If you’re driving a vehicle at a high rate of speed, and you don’t have anti-lock brakes, your tires may lock up, slowing you down and preventing you from turning.
So, What do you do in this situation and correct what’s going on? And what damages are you causing? If you’d like to find out, keep reading!
What Is A Tire Lock-Up In F1?
Tire lock up occurs on an F1 car where the tires lock up during braking due to lack of anti-lock brakes, making the vehicle hard to steer and slow down. This tire lock-up can lead to damaged tires and damage to the car if it hits another vehicle or the wall.
If you’d like to learn more about what happens when tires lock up in F1, what causes a car to lock up in F1 and more, keep reading for more interesting facts!
What Happens When Tires Lock-Up In F1?
In the event of a tire locking up in an F1 vehicle, the tire slides when the intent is to get the F1 vehicle to slow down.
You will also notice when a driver tries to turn the wheels during a tire lock up, the vehicle just keeps going in the same direction. The danger of this is usually hitting the wall, side barriers, or another vehicle.
Also, when a tire locks up, it slides across the asphalt, and the longer it slides, the more likely the tire could get a flat spot, rendering it bad for high speeds.
What Causes A Car To Lock Up In Formula One?
Formula One cars don’t have anti-lock brakes, meaning when the brakes are applied too hard, the tires tend to lock up, causing all kinds of problems for the driver.
This could also happen to anyone else’s car on the road if they don’t have anti-lock brakes and they hit the brakes too hard.
Why Are Lockups More Rare In F1?
Lock ups aren’t that rare in F1, but they have been decreasing over the years. One of the reasons why lock-ups have become more rare is that downforce plays a huge part in helping slow down a speeding F1 car.
Another reason why lockups are becoming rarer in F1 is the rear wheels use a form of energy braking provided by the hybrid system.
Do F1 Cars Use Traction Control?
Just like with anti-lock brakes, F1 bans the use of traction control because it gives an advantage to the driver. F1 is a sport of skill, and to keep it that way, traction control assistance is not allowed.

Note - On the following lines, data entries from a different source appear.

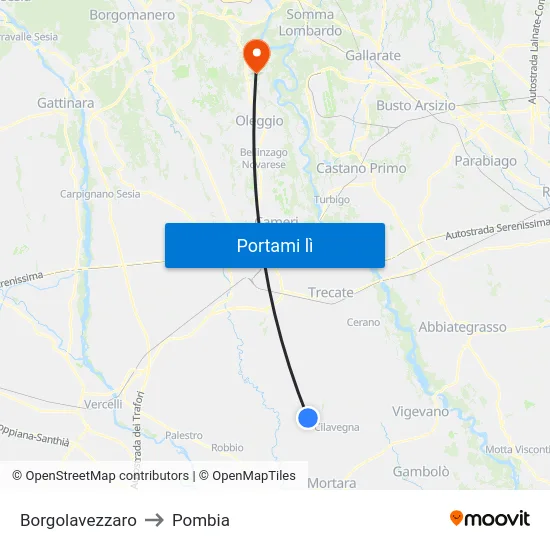 Borgolavezzaro to Pombia map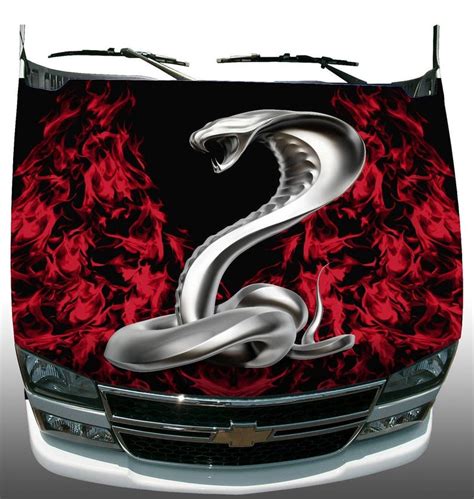 Red Fire Flames Cobra Hood Wrap Wraps Vehicle Sticker Vinyl Etsy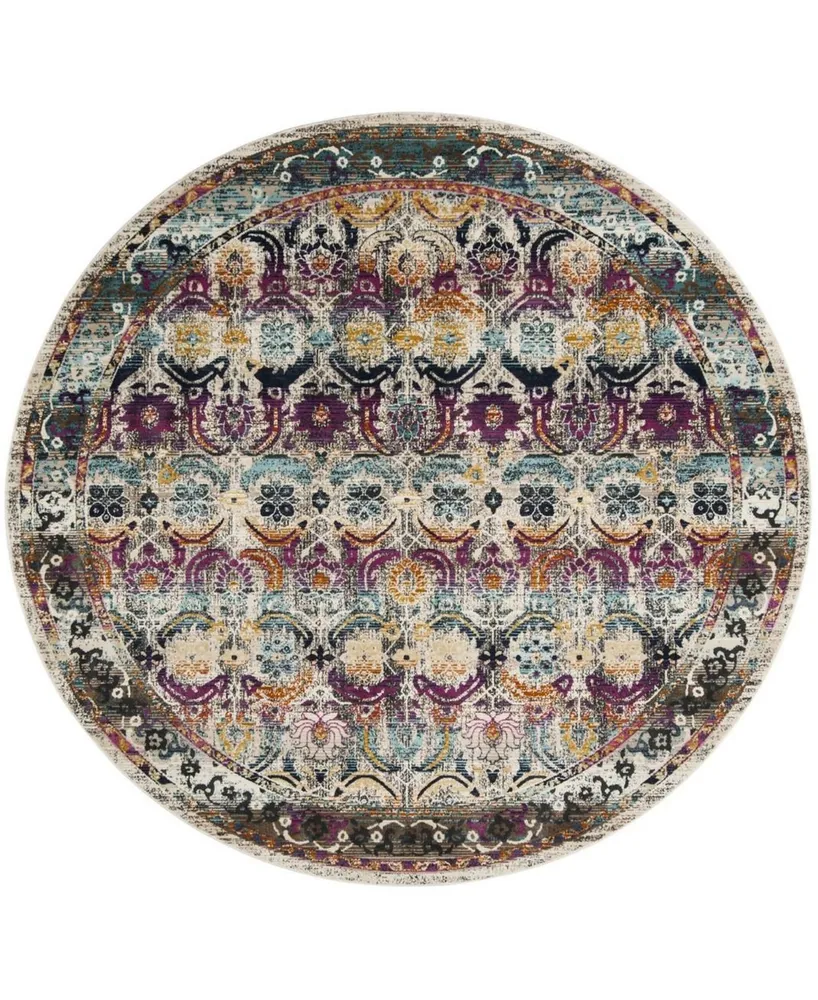 Safavieh Baldwin BDN196 Cream and Multi 6'7" x 6'7" Round Area Rug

Can A Locked Up Wheel Cause A Flat Tire In F1?
Typically, the tire locking up during braking won’t cause it to go flat, but it can cause a tire to get a flat spot.
This flat spot can cause the tire of an F1 car (or any car) to wobble and bounce while in motion, which could lead to enough damage to make a tire flatten.
How Do F1 Drivers Stop Tires From Locking Up?
Drivers in F1 usually use a brake pressure setting to stop their tires from looking up. When the brake pressure setting is lowered, less brakes will be applied even if you hit the pedal with the same amount of pressure.
There is also another setting that can be fangled, and that’s how much brake power percentage-wise goes to the front wheels and to the rear wheels. Additionally, this would be a driver’s recommendation, not a crew chief’s call.
How Can A Driver Get Out Of An F1 Lock Up?
The most common way to get out of an F1 lock up is to lay off the brake pressure until the tires regain a grip on the asphalt again.
When a driver is able to do this, they can regain control of the vehicle, try to turn, and even reapply the brakes. This may take a couple of tries, but the driver has to try as many times as he can to ensure the safety of the car.
Why Do F1 Brakes Smoke?
Interestingly enough, the brakes on an F1 get hotter than 500-degrees+, but that’s not what causes the white smoke you see during braking.
What causes the white smoke during braking is when the tires scrub the ground during a lock-up. Just like when your tire smokes from a whole shot because of the tire to asphalt friction, tires will smoke the same way from a tire locking up.
Tire lock up in F1 is just like when your tires lock up in your regular vehicle on the road. Instead of initially slowing your car down, the tires slide on the asphalt without leaving you much control.
Most cars have anti-lock brakes now, but Formula 1 cars don’t allow for anti-lock brakes, so it’s up to the driver to use his skills in brake timing and brake pedal pressure.